[Stored data Boundary: Start]

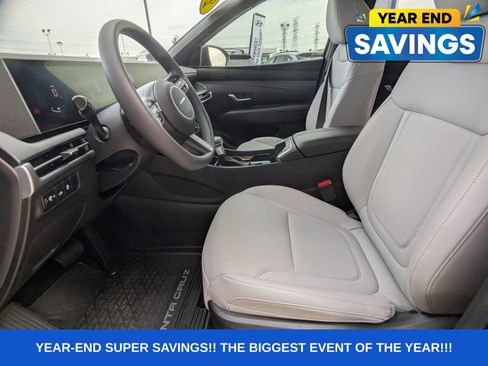 Used 2025 Hyundai Santa Cruz SEL image 15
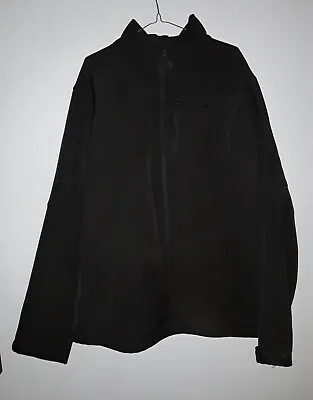 Snozu Performance Black Jacket Men's Size XL • $27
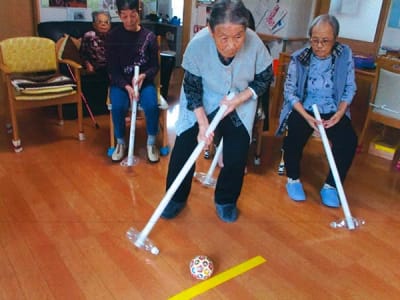 グループホーム夢ふうせん空　ななかまど棟の求人画像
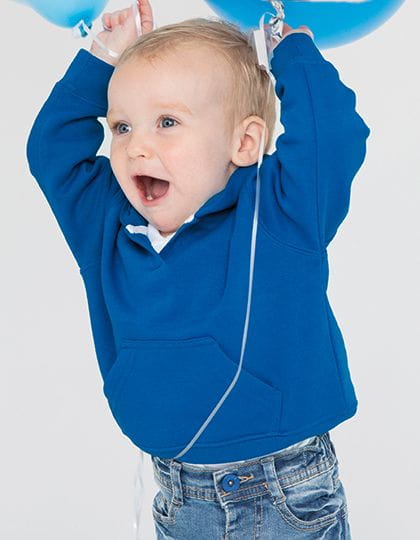 Kids` Hooded Sweatshirt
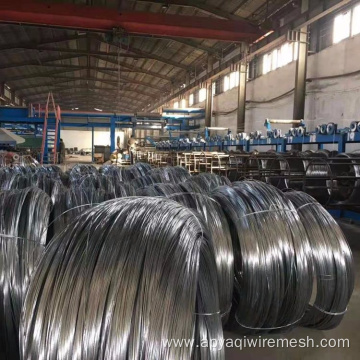 SAE1070 High Carbon Steel Wire Spring steel wire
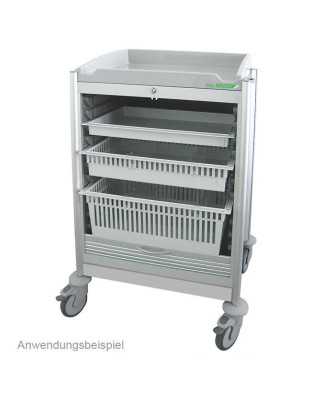 HAEBERLE keo ISO Modulwagen 6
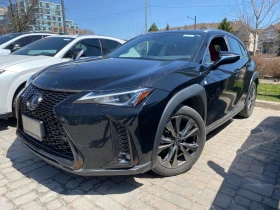 Lexus UX 250h F-SPORT CARFAX    | Mobile.bg    2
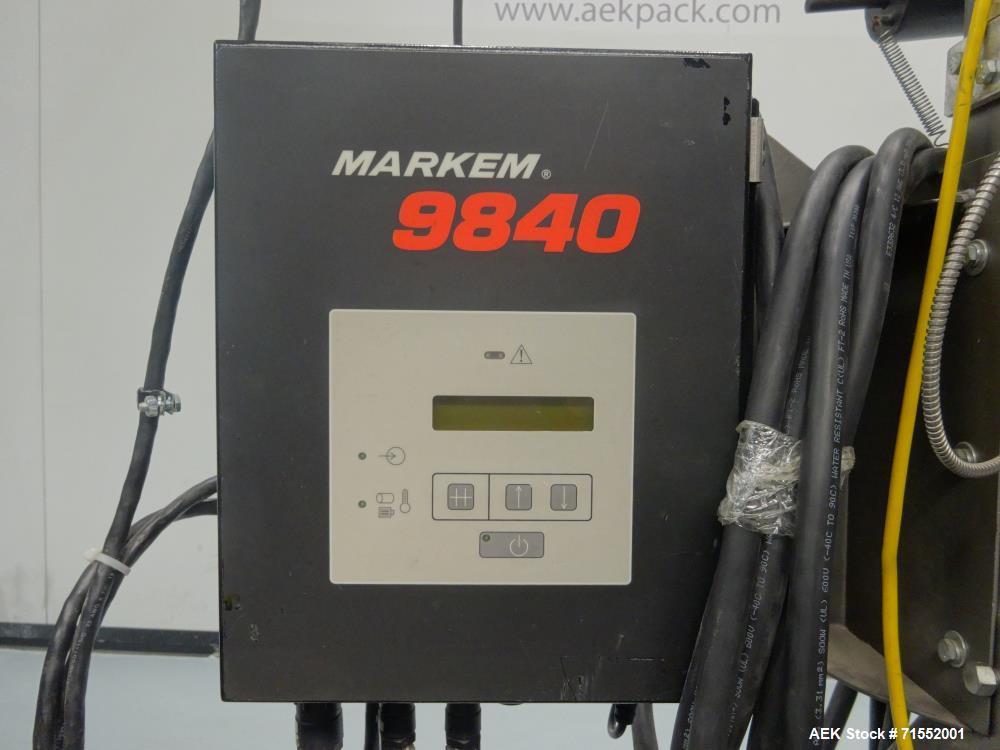 Used Doboy Horizontal Flow Wrapper, Model: Mustang.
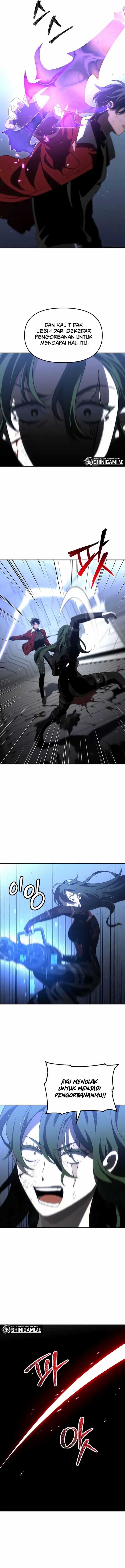 I Used to Be a Boss Chapter 49 Gambar 9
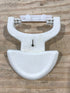 Used Thetford / Aqua Magic Toilet Flush Foot Pedal, Bone - 34115 - Young Farts RV Parts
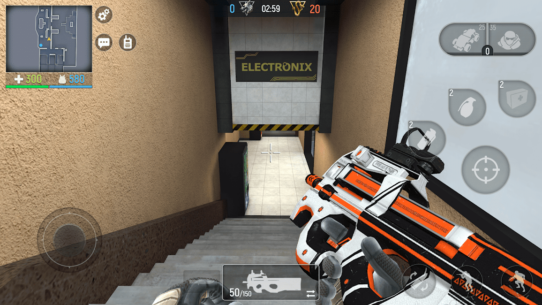 Modern Ops: Gun Shooting Games 8.96 Apk + Mod for Android 4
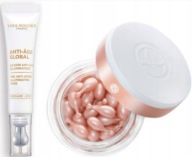 Yves Rocher 1 x Kuracja w kapsułkach z witaminą C + Krem pod Oczy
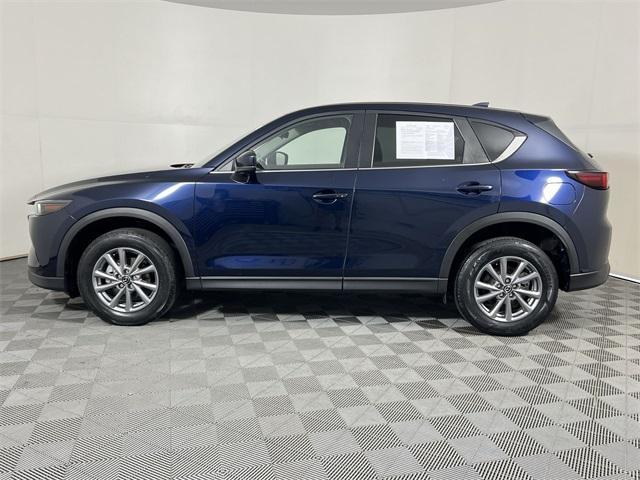 used 2023 Mazda CX-5 car, priced at $23,219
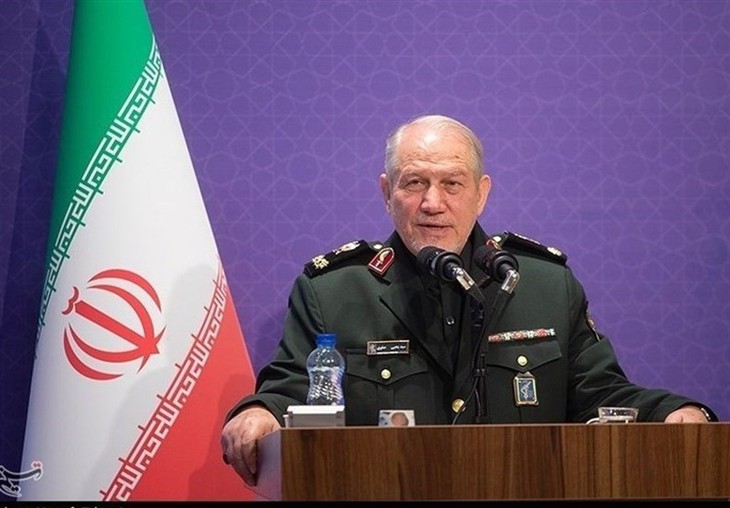 Iran dọa mở rộng cuộc chiến vào tận Ấn Độ Dương - Ảnh 1.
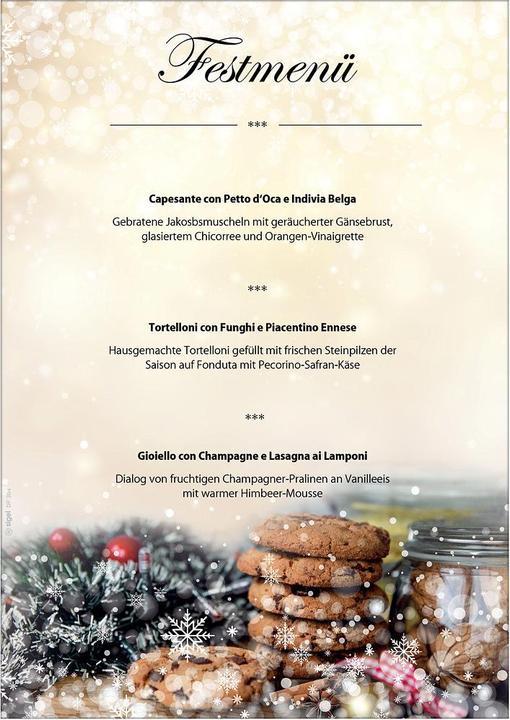 Immagine prodotto Sigel Carta di Natale A4 DP304 90g, odore d'inverno 25 fogli (90 g/m², 25 x, A4)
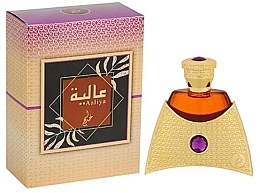 Khadlaj Aaliya - Olejek perfumowany — Zdjęcie N1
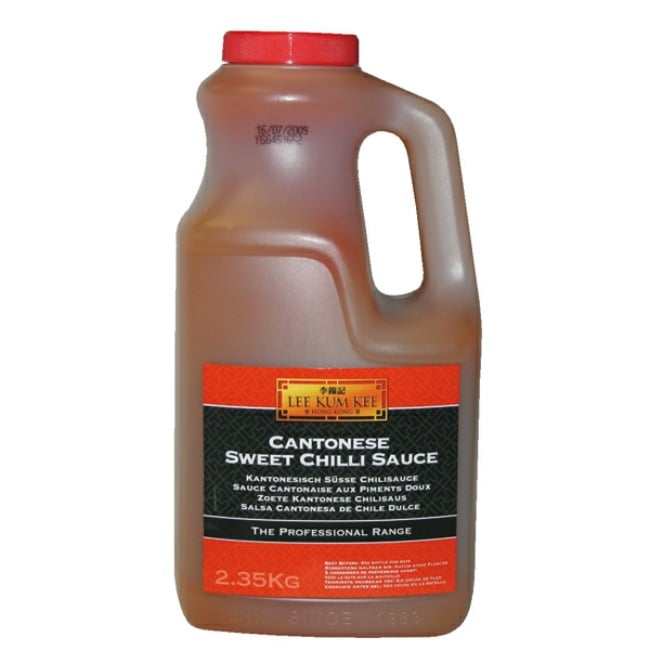 Lee Kum Kee Cantonese Sweet Chilli Sauce 1.9L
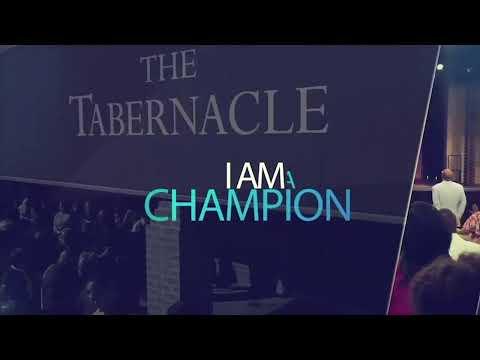 BUILDING CHAMPIONS: 'How I Got Over, part 3a -- Psalm 103:20'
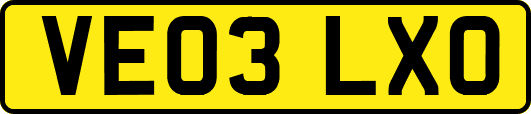 VE03LXO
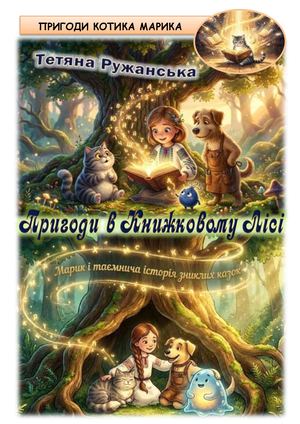 Пригоди у Казковому Лісі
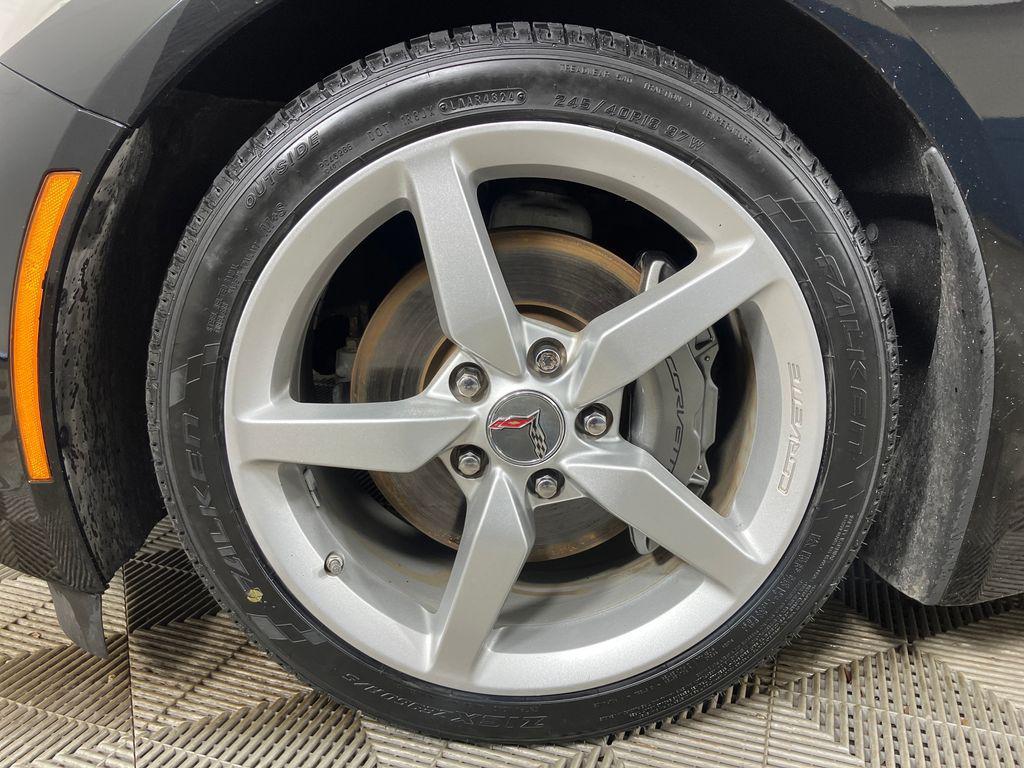 used 2015 Chevrolet Corvette car, priced at $32,000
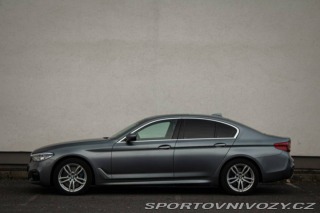 BMW 5 540d xDrive A/T M-SPORT 2017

[Stored data Boundary: End]

What is needed
The answer must consist solely of the lines from the first line of the records through the line containing "Used Thetford /", reproduced exactly and without the pictures.

Reply to the task
 Used 2025 Hyundai Santa Cruz SEL image 15
 Snozu Performance Black Jacket Men's Size XL • $27
 グループホーム夢ふうせん空　ななかまど棟の求人画像
 Kids` Hooded Sweatshirt
 SAE1070 High Carbon Steel Wire Spring steel wire
 HAEBERLE keo ISO Modulwagen 6
 Lexus UX 250h F-SPORT CARFAX    | Mobile.bg    2
 Used Doboy Horizontal Flow Wrapper, Model: Mustang.
 I Used to Be a Boss Chapter 49 Gambar 9
 Used Thetford / Aqua Magic Toilet Flush Foot Pedal, Bone - 34115 - Young Farts RV Parts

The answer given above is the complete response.